Most of his musical work was completely original, although he made a handful of arrangements of American folksongs and a few adaptations of works by Romantic-era composers. Several Bright pieces were settings of poems by Percy Bysshe Shelley, such as "Lament of the Enchantress," "Winter Night on the Mountain," and "Clouds that Veil the Midnight Moon." His choral works also put to music texts by various nineteenth-century British and American poets (among them Tennyson, Thomas Hood, Emily Brontë, Christina Rossetti, Felicia Hemans, Henry Wadsworth Longfellow, and William Cullen Bryant). Other works set sacred Christian liturgical texts (such as his "Kyrie Eleison," "Benedictus and Hosanna," and "Antiphonal Gloria"); still others set Bright's own original lyrics (including "Premonition," "Rainsong," and "Summer Evening").

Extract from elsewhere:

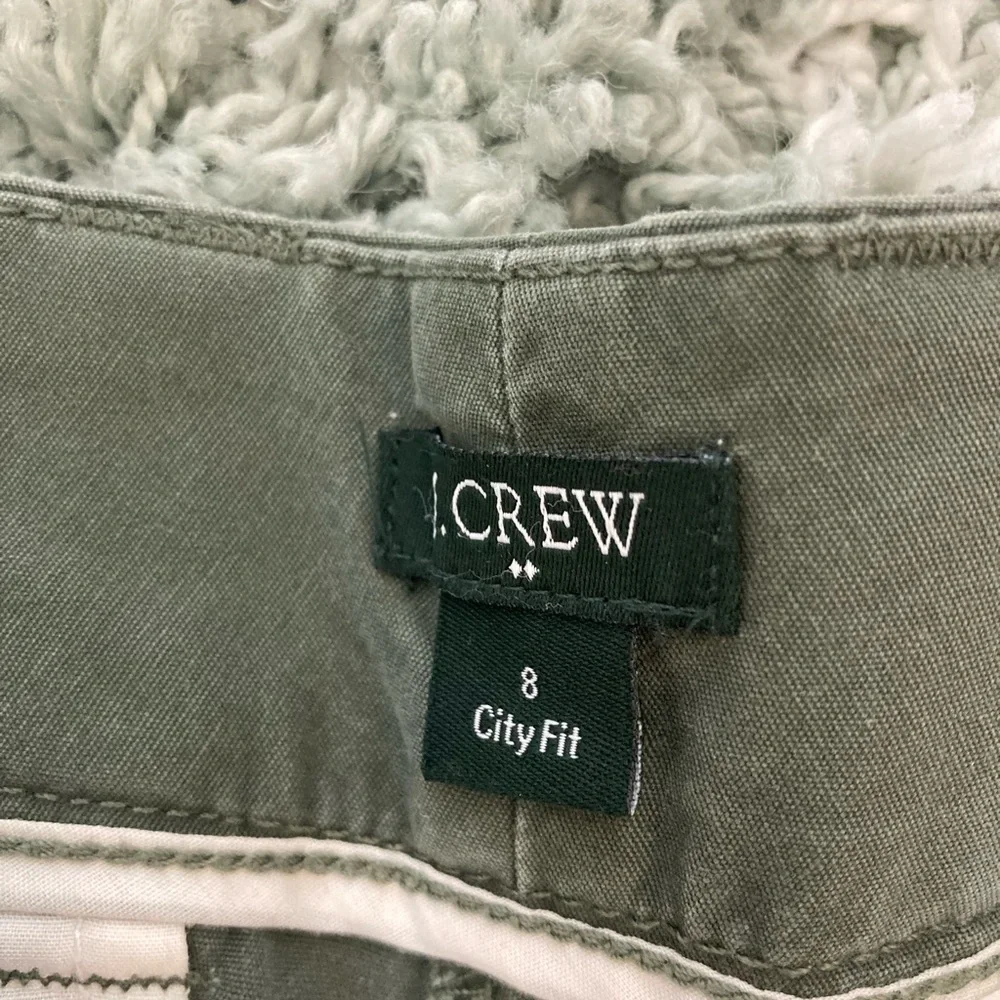 J. Crew Green Chino Shorts Classic Style Size 8 - Picture 4 of 7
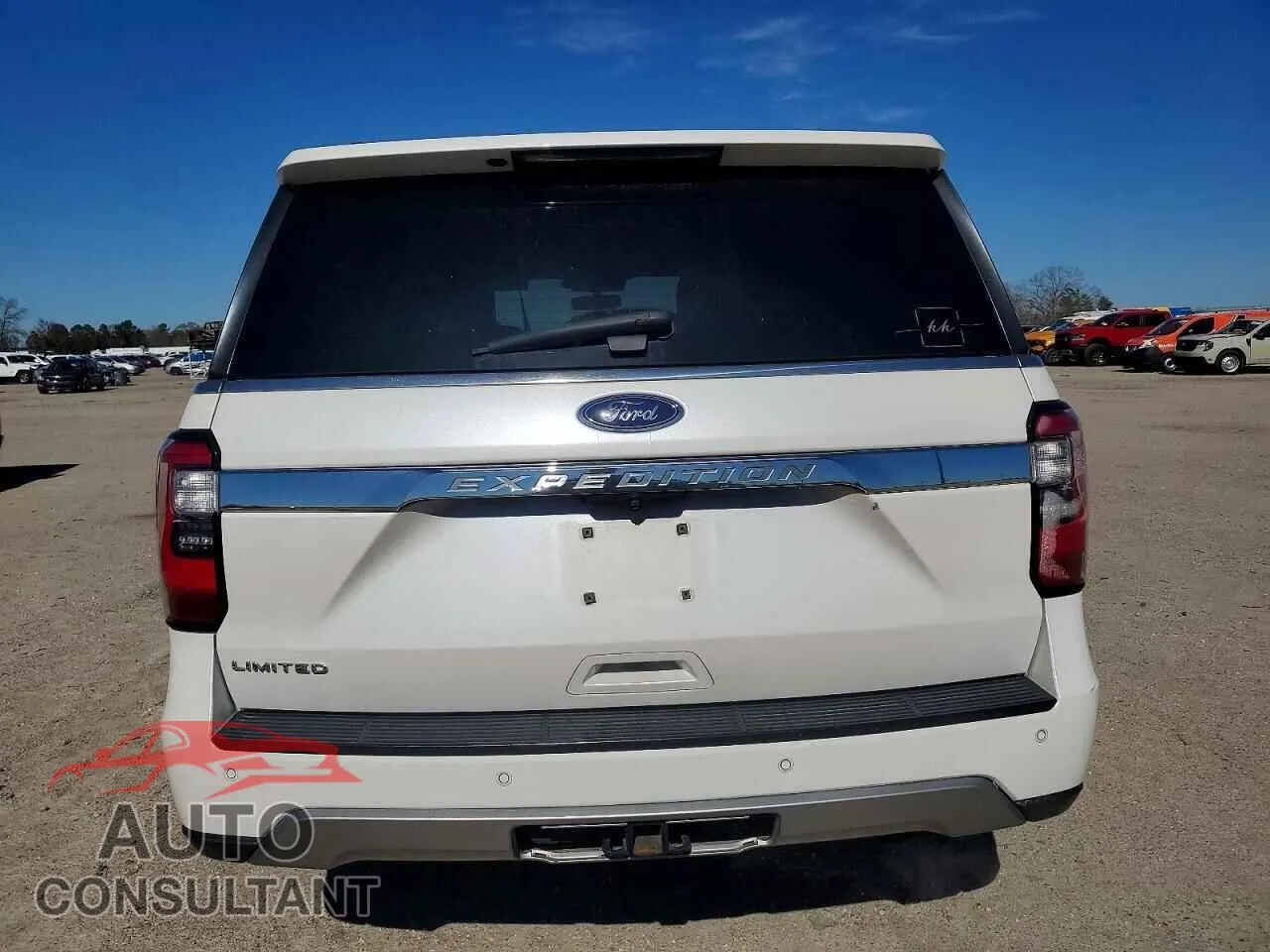 2018 FORD EXPEDITION Damaged VIN 1FMJU1KT5JEA02218 – engine bay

Houston Bright composed, on commission, numerous pieces for school choruses as well as for college and festival choirs in several states. In so doing, he wrote largely with student singers and journeyman musicians in mind. Yet, according to Nick Strimple of the USC Thornton School of Music, Bright "created several little pieces that have stood the test of time, the musical content making them still appropriate for university and community choruses…"

Citing Bright's Four Sacred Songs for the Night as ranking among his favorites in the choral repertory, Dr. Floyd Slotterback, choral director and professor of music at Northern Michigan University, told an interviewer in March 2001: "Certain pieces kind of stick… I really enjoyed those Houston Bright pieces; the pieces sing well; he treats the voice very nicely. And they're very attractive; I think they'll please people… Good repertoire is just good repertoire, period."

Similarly, in singling out "Lament of the Enchantress," Forrest Daniel, director of the Sisters (Oregon) Community Chorus, observed: "Shelley and Houston Bright, two very good artists. Houston Bright didn't really get his due. He lived in this little town in Texas and he had this magnificent talent."